The Landsat EVI observations of the growing season were categorized into two scenarios, as shown in Figure 5a–d. The first scenario, labeled S1 manipulation, represented the situation where the EVI observations were intentionally excluded during the periods of rapid green-up and senescence. This is depicted by small triangles. The second scenario, labeled S2 manipulation, depicted the condition where the EVI observations were purposely omitted around the date of the maximum EVI. This is represented by big circles. The S1 and S2 scenarios exemplified the instances of low-density Landsat EVI observation and irregular seasonal distributions, which are commonly observed at larger spatial scales [15,16]. For the validation of the DL, LTDG, and LTDG_DL methods, all Landsat EVI observations during the crop growing seasons were utilized.
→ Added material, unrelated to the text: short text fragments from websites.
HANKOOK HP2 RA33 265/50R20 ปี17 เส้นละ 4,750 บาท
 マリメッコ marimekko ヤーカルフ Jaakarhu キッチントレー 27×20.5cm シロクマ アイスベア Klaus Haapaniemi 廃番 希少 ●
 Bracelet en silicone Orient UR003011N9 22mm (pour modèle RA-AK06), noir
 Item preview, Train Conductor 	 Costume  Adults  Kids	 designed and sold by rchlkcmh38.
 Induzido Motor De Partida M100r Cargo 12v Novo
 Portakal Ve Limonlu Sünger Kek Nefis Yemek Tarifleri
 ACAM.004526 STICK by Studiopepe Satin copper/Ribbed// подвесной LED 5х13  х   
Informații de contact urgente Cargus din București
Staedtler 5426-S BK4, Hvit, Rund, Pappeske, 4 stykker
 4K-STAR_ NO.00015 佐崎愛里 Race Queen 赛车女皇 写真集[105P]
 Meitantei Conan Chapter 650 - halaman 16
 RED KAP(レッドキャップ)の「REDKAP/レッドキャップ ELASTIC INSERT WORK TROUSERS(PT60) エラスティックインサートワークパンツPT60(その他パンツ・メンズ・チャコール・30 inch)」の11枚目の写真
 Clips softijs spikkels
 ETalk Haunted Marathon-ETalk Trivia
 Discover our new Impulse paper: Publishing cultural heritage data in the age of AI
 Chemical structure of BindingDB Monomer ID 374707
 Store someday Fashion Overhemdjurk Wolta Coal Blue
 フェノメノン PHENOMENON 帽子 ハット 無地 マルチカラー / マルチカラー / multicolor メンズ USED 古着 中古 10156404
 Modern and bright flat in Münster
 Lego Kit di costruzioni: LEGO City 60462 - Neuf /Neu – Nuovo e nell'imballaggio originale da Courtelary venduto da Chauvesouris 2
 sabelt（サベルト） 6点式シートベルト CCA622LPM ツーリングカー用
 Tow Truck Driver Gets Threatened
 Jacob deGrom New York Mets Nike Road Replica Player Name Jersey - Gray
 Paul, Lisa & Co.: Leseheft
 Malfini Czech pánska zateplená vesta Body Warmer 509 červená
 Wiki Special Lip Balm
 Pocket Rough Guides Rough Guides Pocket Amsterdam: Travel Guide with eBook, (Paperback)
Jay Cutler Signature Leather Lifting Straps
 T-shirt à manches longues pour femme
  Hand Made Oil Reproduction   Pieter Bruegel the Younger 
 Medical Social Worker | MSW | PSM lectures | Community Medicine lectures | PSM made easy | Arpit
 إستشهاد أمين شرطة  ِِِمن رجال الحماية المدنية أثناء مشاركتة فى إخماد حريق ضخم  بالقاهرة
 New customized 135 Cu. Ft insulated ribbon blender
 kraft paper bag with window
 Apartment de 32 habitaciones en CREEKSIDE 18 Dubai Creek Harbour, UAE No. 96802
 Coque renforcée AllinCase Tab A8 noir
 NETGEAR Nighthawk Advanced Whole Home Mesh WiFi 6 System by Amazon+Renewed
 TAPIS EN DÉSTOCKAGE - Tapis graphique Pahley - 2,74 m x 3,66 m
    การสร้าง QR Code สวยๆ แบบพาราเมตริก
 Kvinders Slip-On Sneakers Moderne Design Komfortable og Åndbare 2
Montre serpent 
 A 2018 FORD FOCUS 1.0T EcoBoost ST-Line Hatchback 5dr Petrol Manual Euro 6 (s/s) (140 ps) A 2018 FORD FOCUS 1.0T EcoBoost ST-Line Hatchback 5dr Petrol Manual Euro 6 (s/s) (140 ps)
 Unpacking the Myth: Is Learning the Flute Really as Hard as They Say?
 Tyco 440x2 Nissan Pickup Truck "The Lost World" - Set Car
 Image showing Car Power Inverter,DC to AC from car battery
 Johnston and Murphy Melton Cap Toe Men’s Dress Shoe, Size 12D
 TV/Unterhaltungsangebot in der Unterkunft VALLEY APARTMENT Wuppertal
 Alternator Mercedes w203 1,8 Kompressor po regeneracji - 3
The year-round daily meteorological data (T_air and R_s; see Supporting Information S2) were obtained from the Global Land Data Assimilation System Version 2 products (GLDAS2.0) at the same location and year. These data are available at a daily resolution with a spatial resolution of 0.25° × 0.25° (https://disc.gsfc.nasa.gov/datasets?keywords=GLDAS) (accessed on 5 March 2023). The year-round Landsat 5/7/8 surface reflectance images, centered on the farming lands, were downloaded from the U.S. Geological Survey (USGS) Earth Explorer on 5 July 2022. These images underwent radiometric and atmospheric corrections using the radCor function of the RStoolbox package in the R language (R Core Team, 2021) [54]. Since Landsat 5 and 7 exhibit a good and consistent match in surface reflectance [55], no further adjustments were necessary regarding sensor geometry. However, the Landsat 5/7 surface reflectance was adjusted to be compatible with Landsat 8 using the band-specific surface reflectance linear regression parameters provided by Roy et al. [56]. Data points with poor Quality Assurance (QA) or blue reflectance of ≥0.2 were considered outliers due to contamination from clouds or aerosols [24]. Reflectance data in the blue (ρ_blue, 450–520 nm), red (ρ_red, 630–690 nm), and near-infrared (ρ_nir, 760–900 nm) bands were used to calculate the EVI [38]. It should be noted that the radCor processing applied to remove cloud and shadow pixels for atmospheric corrections was not perfect [54]. As a result, residual clouds and shadows may appear as distinct outliers in the EVI time series. Due to the irregular observations and low density of observation during the crop growing seasons, reliable outlier detection could not be performed [26]. Therefore, outlier detection techniques were not used to evaluate the radCor-processed Landsat 5/7/8 EVI images.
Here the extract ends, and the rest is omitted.